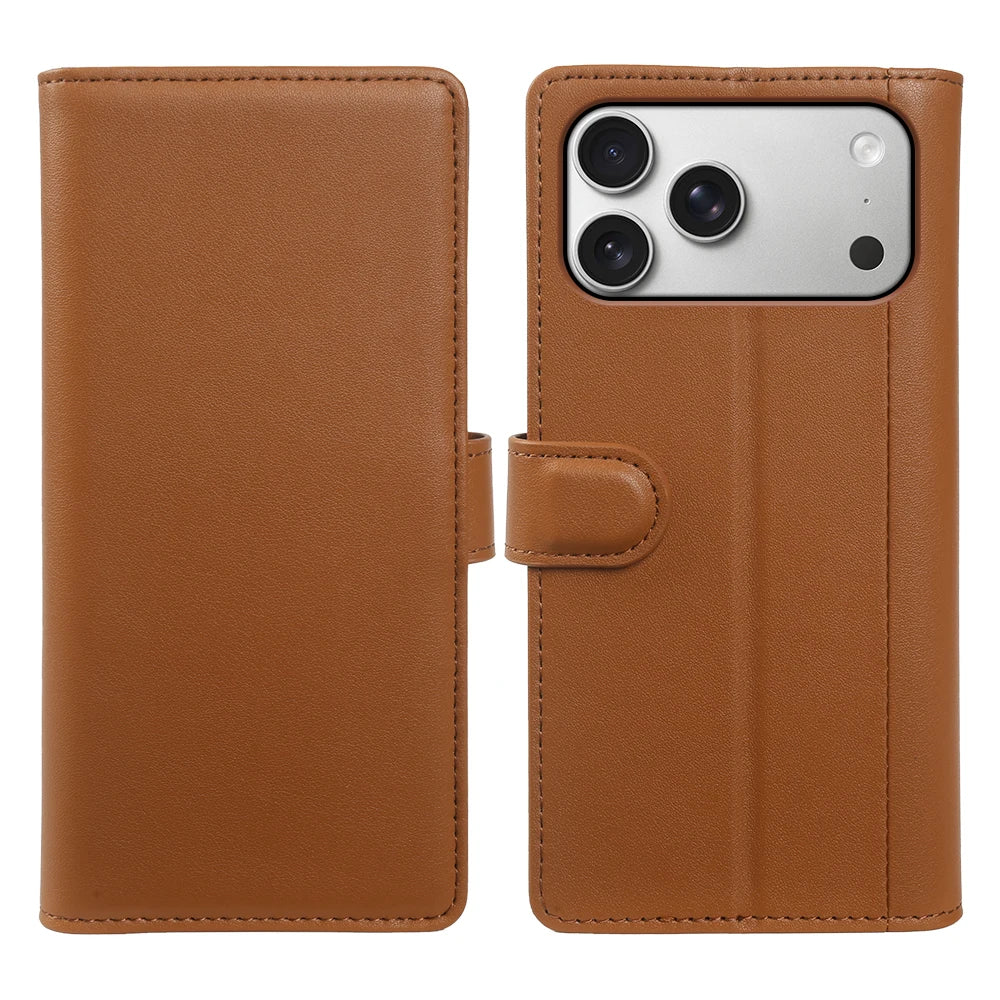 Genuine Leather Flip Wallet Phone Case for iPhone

...

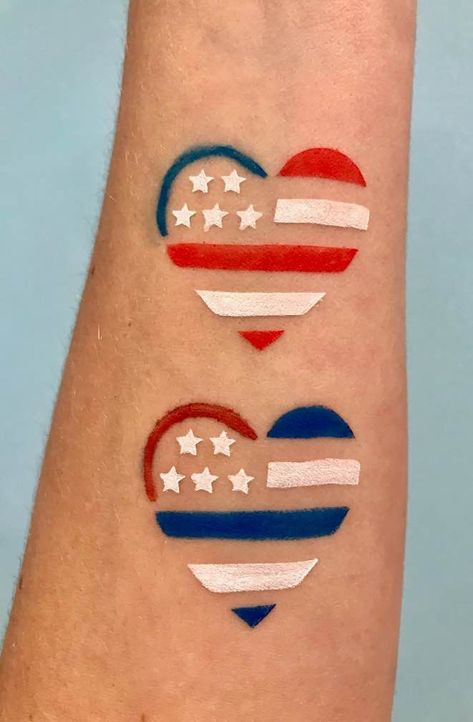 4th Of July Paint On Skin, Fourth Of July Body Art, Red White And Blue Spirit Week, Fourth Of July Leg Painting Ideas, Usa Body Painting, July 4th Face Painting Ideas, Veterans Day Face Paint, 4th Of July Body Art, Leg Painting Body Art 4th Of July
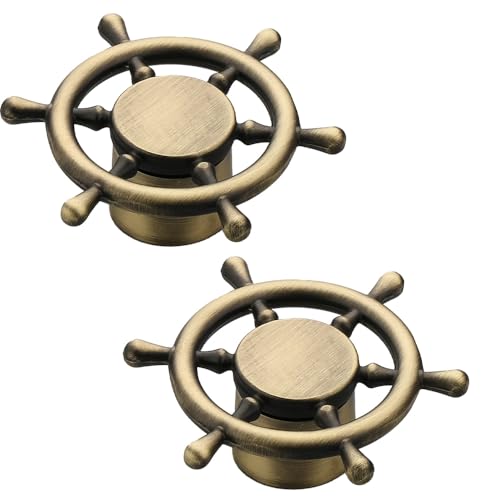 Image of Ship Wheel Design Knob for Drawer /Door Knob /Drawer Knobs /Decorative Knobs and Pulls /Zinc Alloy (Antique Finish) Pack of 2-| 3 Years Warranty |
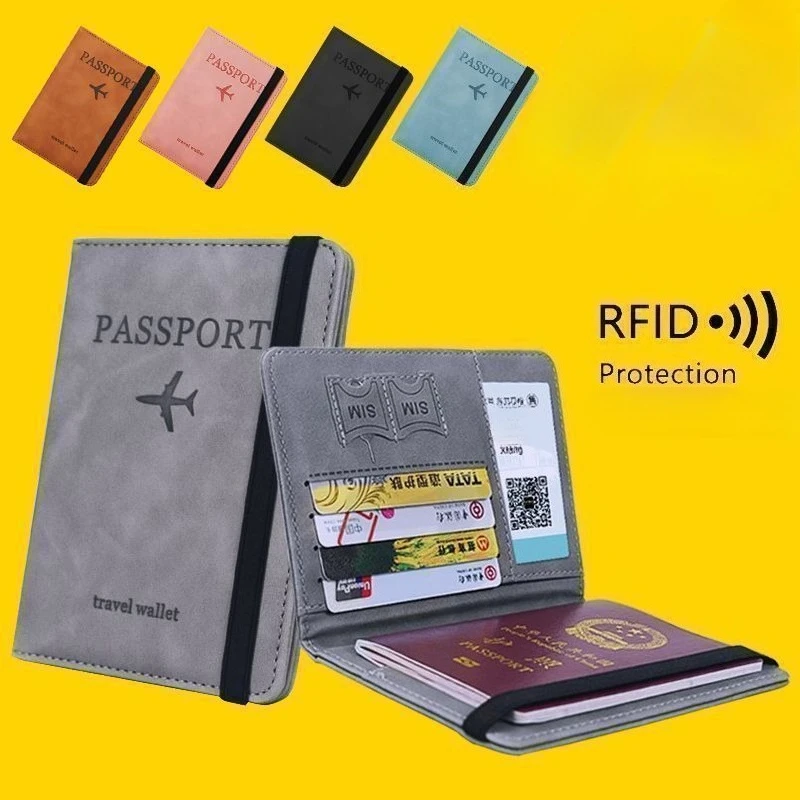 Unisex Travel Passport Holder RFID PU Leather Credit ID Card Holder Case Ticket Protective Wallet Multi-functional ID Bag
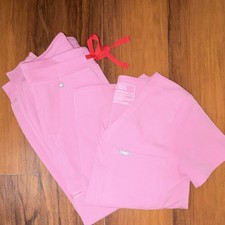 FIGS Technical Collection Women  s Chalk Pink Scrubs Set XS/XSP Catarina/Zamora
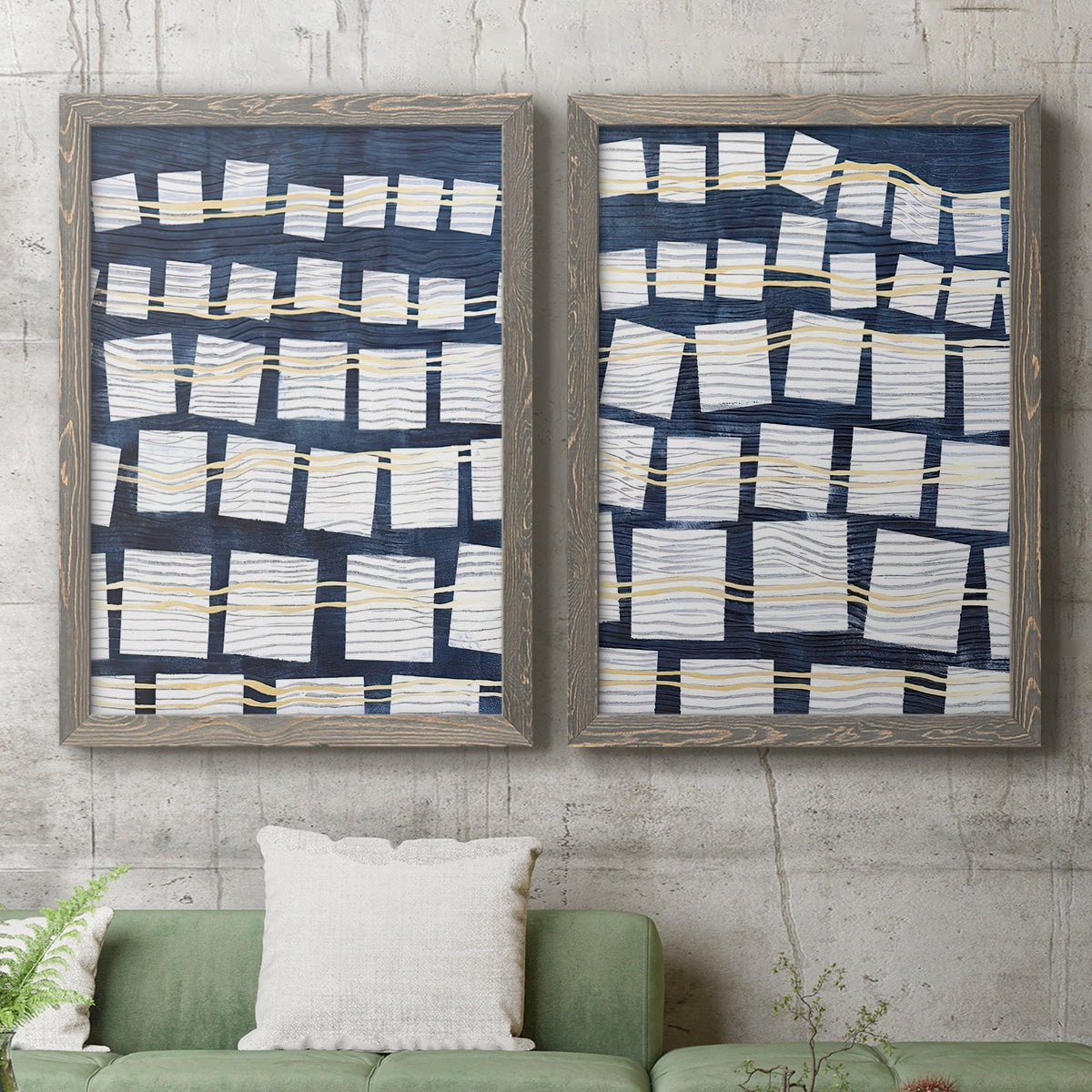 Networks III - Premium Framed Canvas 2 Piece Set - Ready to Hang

**DESCRIPTION OF THE TASK:** From the line containing "4th Of July Paint" through the line containing "Networks III - Premium", copy every line above exactly, without pictures.

**YOUR RESPONSE:**
 4th Of July Paint On Skin, Fourth Of July Body Art, Red White And Blue Spirit Week, Fourth Of July Leg Painting Ideas, Usa Body Painting, July 4th Face Painting Ideas, Veterans Day Face Paint, 4th Of July Body Art, Leg Painting Body Art 4th Of July
 Image of Ship Wheel Design Knob for Drawer /Door Knob /Drawer Knobs /Decorative Knobs and Pulls /Zinc Alloy (Antique Finish) Pack of 2-| 3 Years Warranty |
 Unisex Travel Passport Holder RFID PU Leather Credit ID Card Holder Case Ticket Protective Wallet Multi-functional ID Bag
 FIGS Technical Collection Women  s Chalk Pink Scrubs Set XS/XSP Catarina/Zamora
 Networks III - Premium Framed Canvas 2 Piece Set - Ready to Hang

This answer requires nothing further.